日本株を下支えしてきた日銀のETF(上場投資信託)買いに対し、市場の不安感が強まっている。年内の購入枠上限が近づいているとの見方が広がるなか、実際に日経平均.N225が400円安となった10日、購入が見送られたからだ。

10日の市場で、日本株が急落する中、そのうわさはささやかれていた。日銀がETF購入を見送るのではないか──。日銀がETF買い入れを始めた2010年12月からの買い入れ合計額は、3兆7734億円。2014年末の買い入れ目標額である3兆8000億円まで残り266億円と迫っていたためだ。前回の日銀のETF購入額は374億円であり、同じ規模を維持しようとすれば上限を超える。


これまで日銀は前場終値のTOPIX.TOPXが小幅安であっても、ETFを購入してきた「実績」があった。このため今年分の上限枠が近づいているとしても、午前に1.52%安だった10日の市場では「来年のETF購入枠3兆円を使ってでも買ってくる」(外資系証券トレーダー)との見方も多かった。


しかし、日銀は10日、不動産投資信託(J─REIT)は13億円買い入れたものの、ETFの買い入れは見送った。市場では「少なくとも年内は日銀の下支えがないとすれば、海外の短期筋などにとっては、絶好の売り機会になるかもしれない」(同)との不安の声も出ている。需給期待も日本株買いの材料だっただけに、上昇力が陰る可能性もある。

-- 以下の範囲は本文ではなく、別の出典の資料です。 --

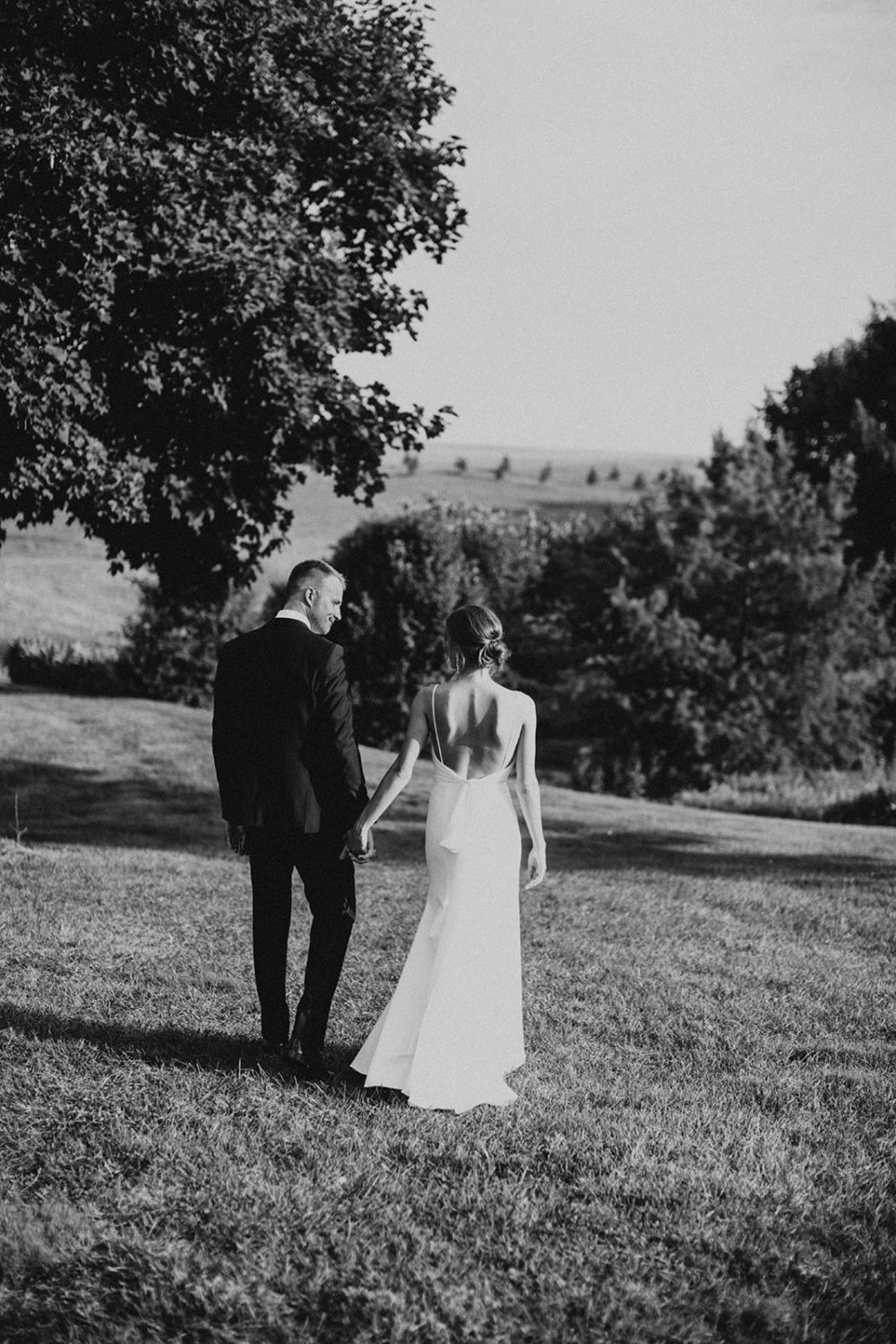Couple walks through sunset field at Glen Ellen Farm wedding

10日の日本株の急落は、あくまで利益確定売りに過ぎないとの声も多い。中国の担保規制やギリシャの政局不安など海外要因の不透明感も重しとなり株安が加速したが、週末12日のメジャーSQ算出を前に3兆4000億円と比較的、高水準にあった裁定買い残を解消させる動きも広がるなど、ポジションの調整という面も大きかった。


米系証券からのJPX日経400連動型ETFの大口売り──。三京証券・証券事業部マネージャーの藤井勝行氏によれば、10日朝にみられる海外投資家の注文動向で、これまで買われてきた国内主力株への大口売りが観測された。背景は「原油先物価格の下落によって出た損失を埋めるため」(藤井氏)だという。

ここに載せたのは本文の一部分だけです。